### TASK TO COMPLETE
What must be written out is each line from the one holding "Table For Sell" through the end of the records, word for word, minus any pictures.

EXTRACTED RECORDS: Begin

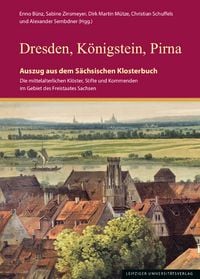 Produktbild: Altendresden, Dresden, K&ouml;nigstein, Pirna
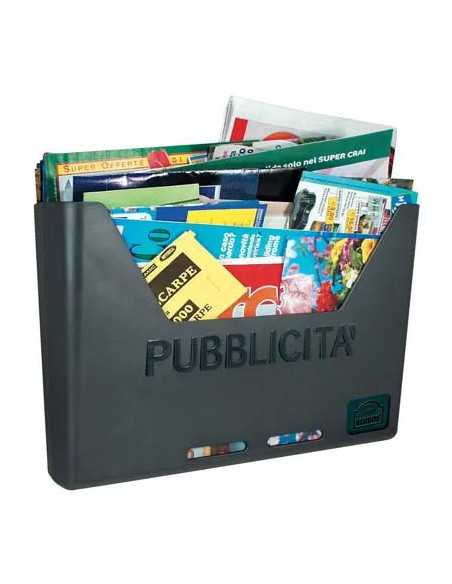 CASSETTA PORTA PUBBLICITA CAROSELLO ALUBOX - ALUBOX | Utensili Store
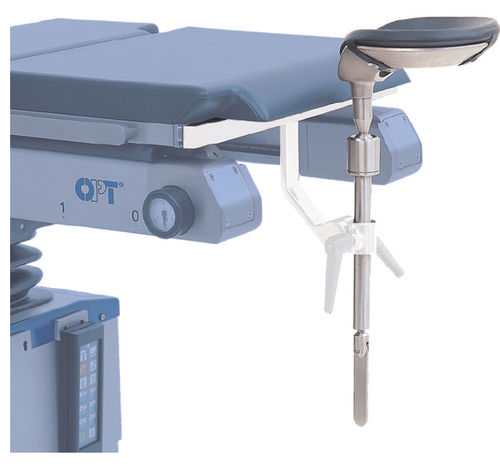 Reposacabeza para mesa de operaciones - 9905003 - OPT SurgiSystems - ajustable / de altura regulable / antiestático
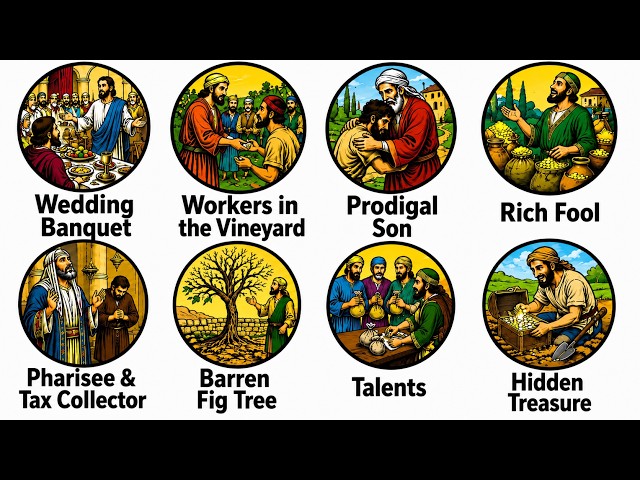Jesus' Most MISUNDERSTOOD Parable Explained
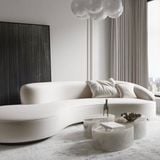  Sofa cao cấp Doll Bắc Âu Rubies House 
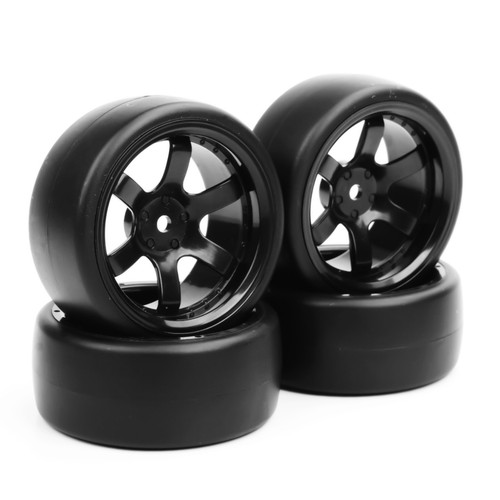 4pcs road car tyres - car,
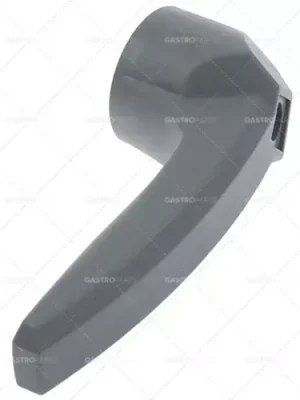 Levný Madlo šedého plastu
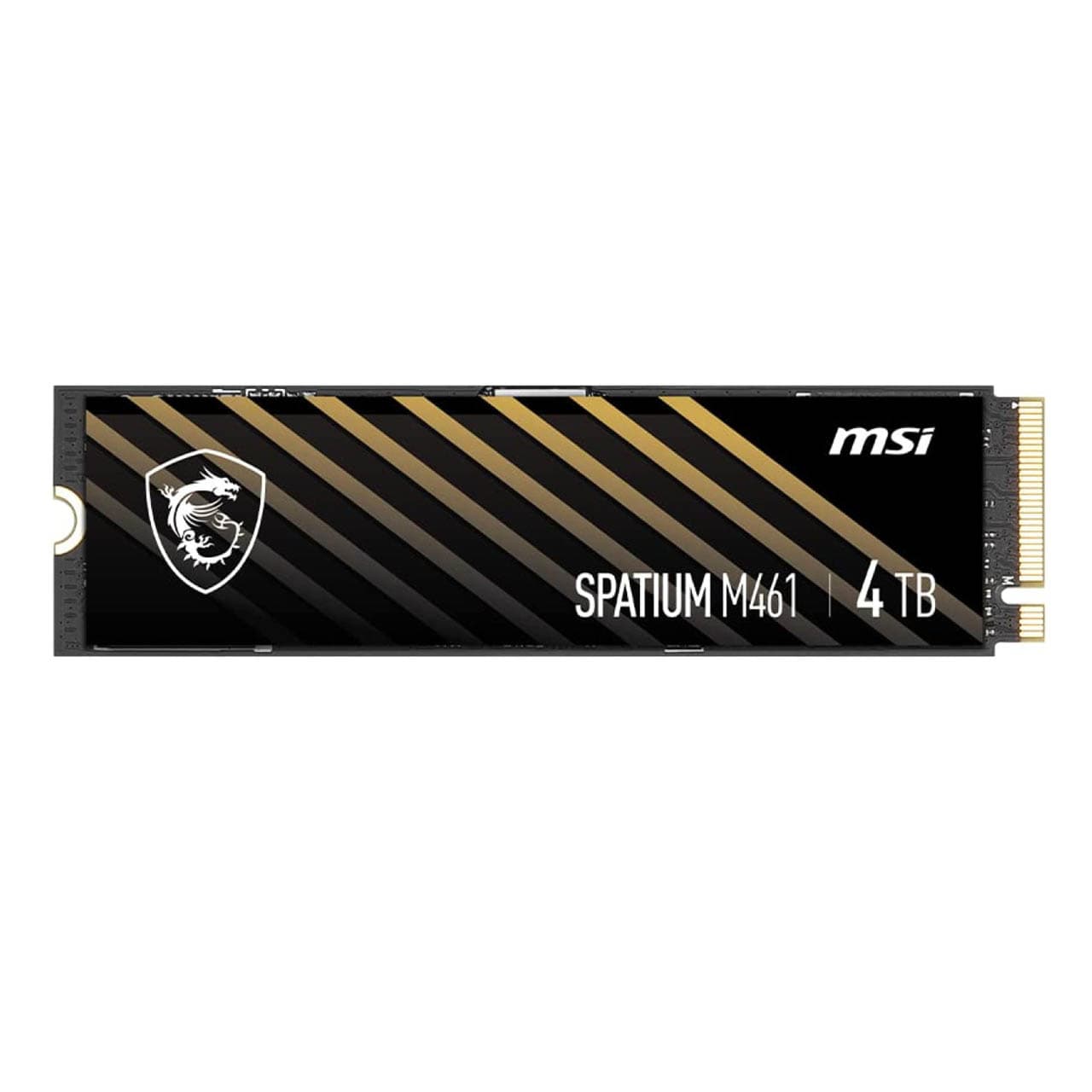 اس اس دی اینترنال ام اس آی مدل M461 PCIe Gen4 x4 ظرفیت 4 ترابایت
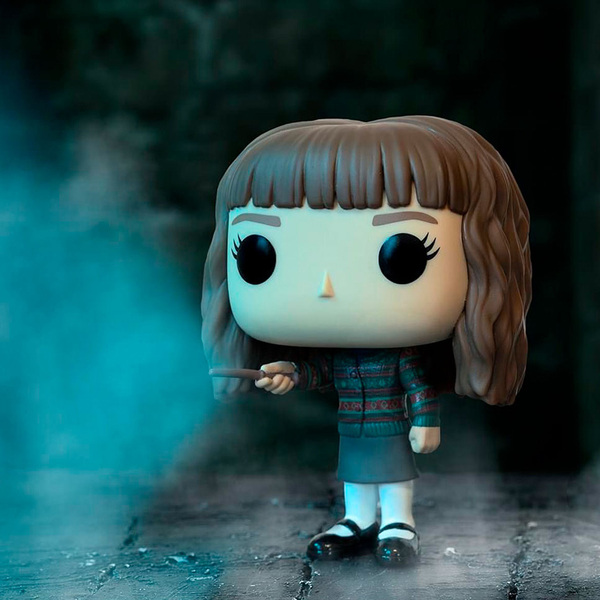 Игровая фигурка Funko Pop! Гарри Поттер Гермиона с палочкой (57367) - Pampik - 4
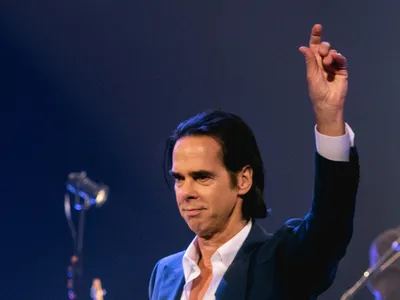 Bild av Nick Cave & The Bad Seeds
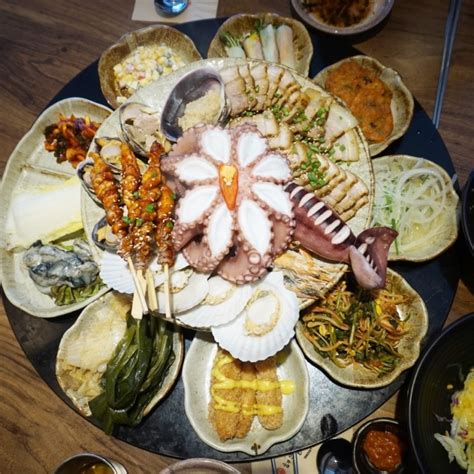 일산맛집 가족모임외식 대왕해물문어보쌈 네이버 블로그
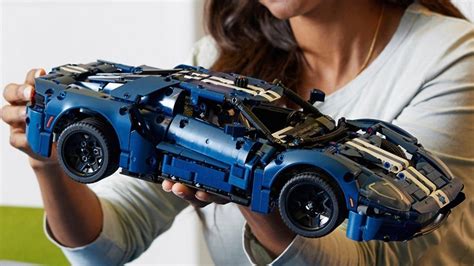 LEGO Technic 2022 Ford GT #42154 Light Kit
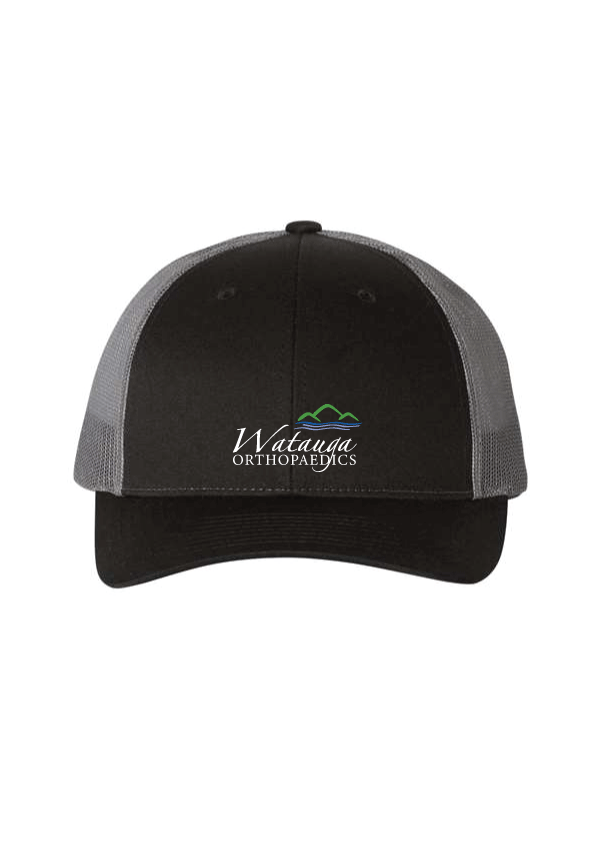 115 LOW PRO TRUCKER CAP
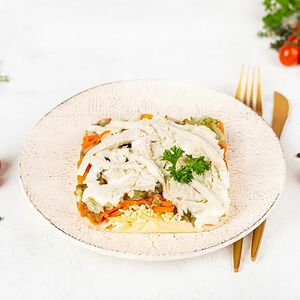 Салат Гнездо глухаря 250 г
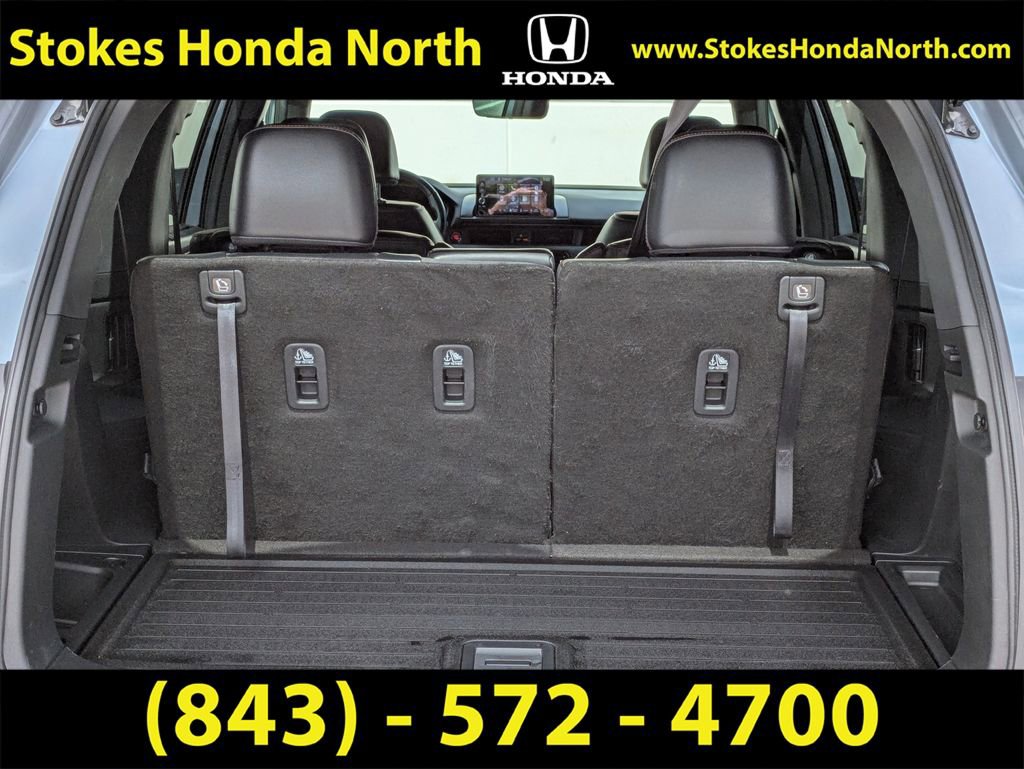 Certified 2024 Honda Pilot TrailSport image 12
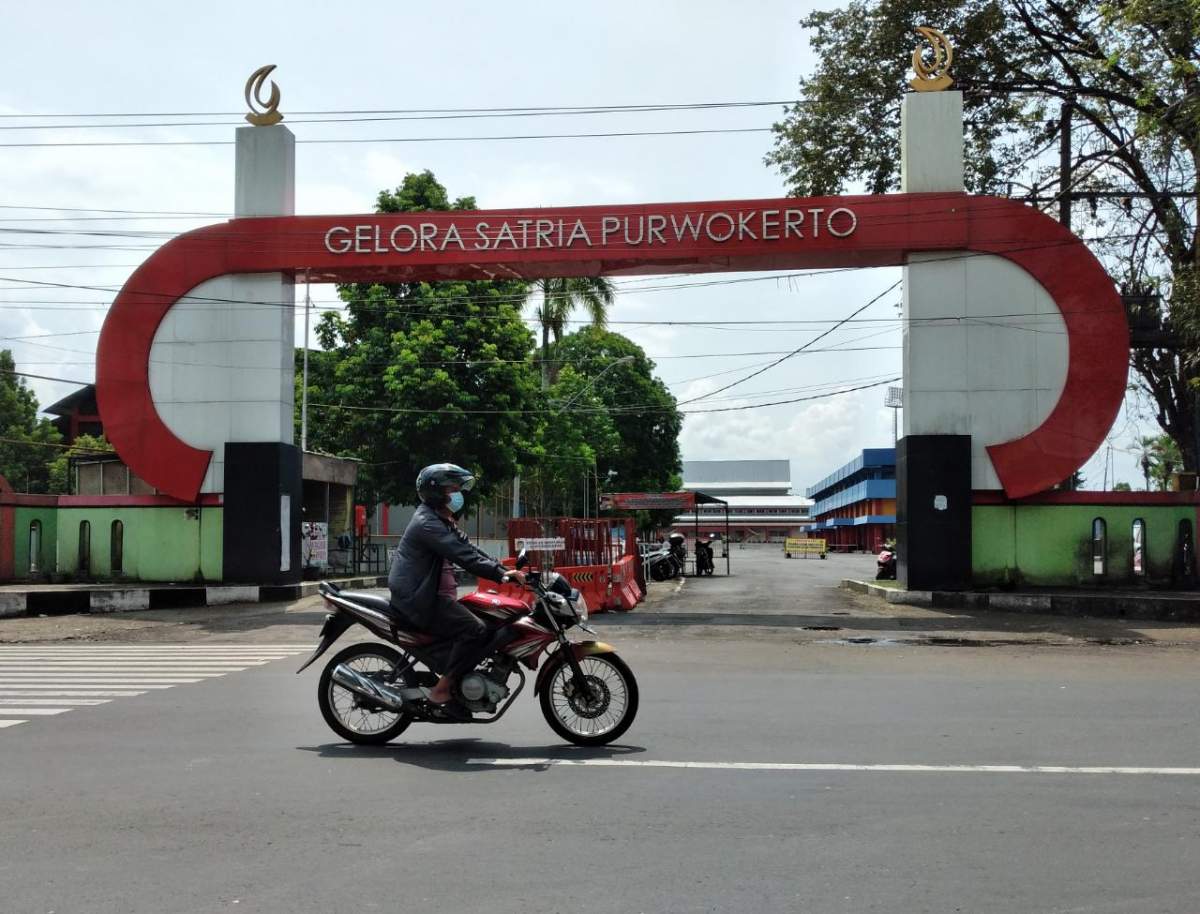 GOR Satria Purwokerto Dilirik Lagi Untuk Gelar Even Nasional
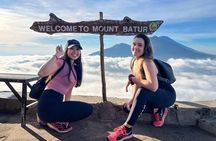 Mount Batur Sunrise Hike & Hot Spring (Private & All-Inclusive)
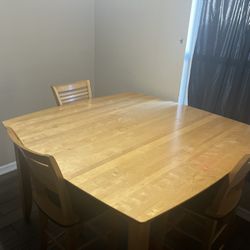 Table For Sell 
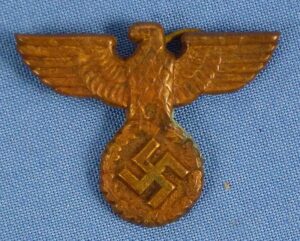 Reichspost Visor Cap Eagle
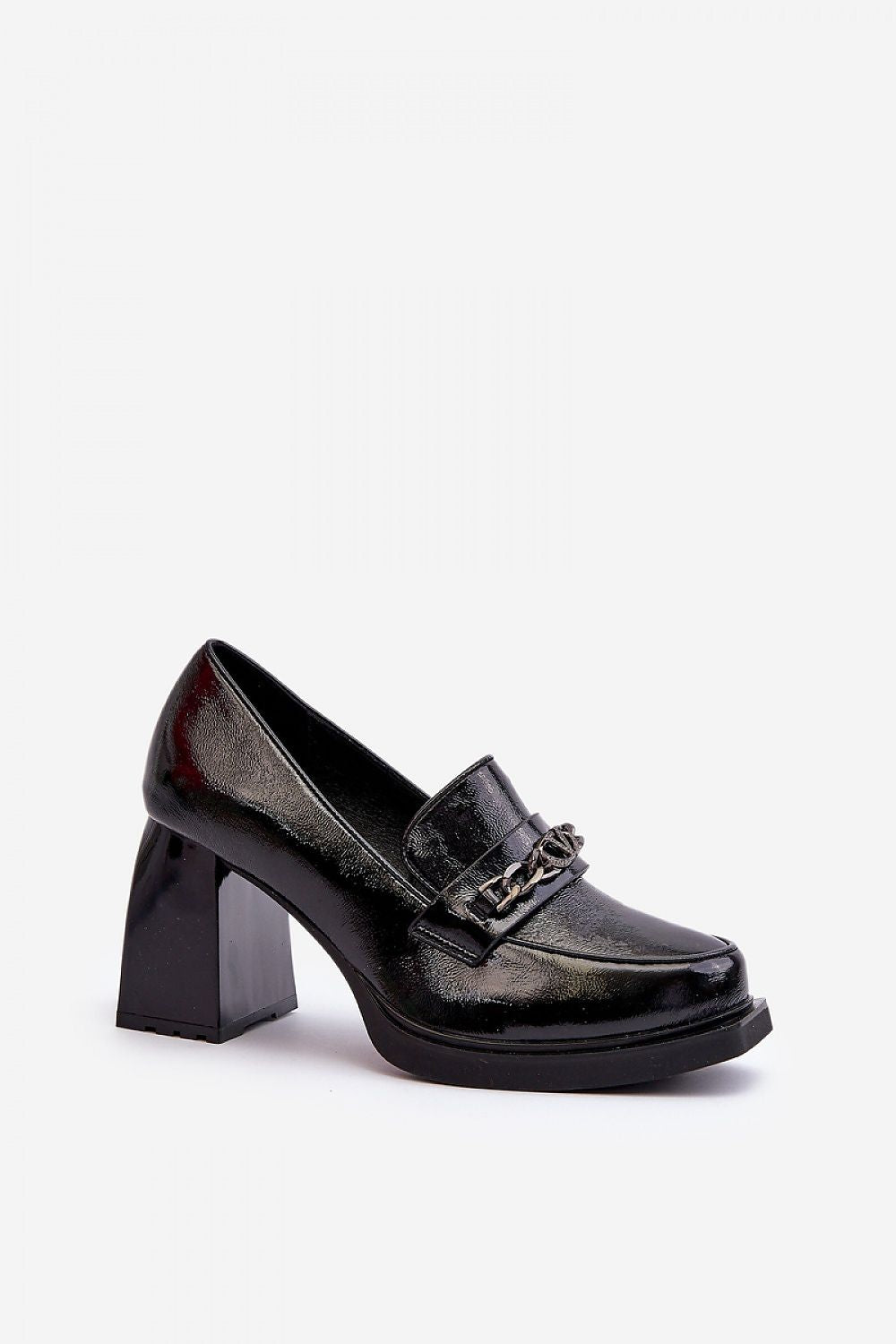 Pumps mit Absatz Step in style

EXTRACTED RECORDS: End

### SOLUTION FOR THIS EXERCISE
 Table For Sell 
 Reichspost Visor Cap Eagle
 Pumps mit Absatz Step in style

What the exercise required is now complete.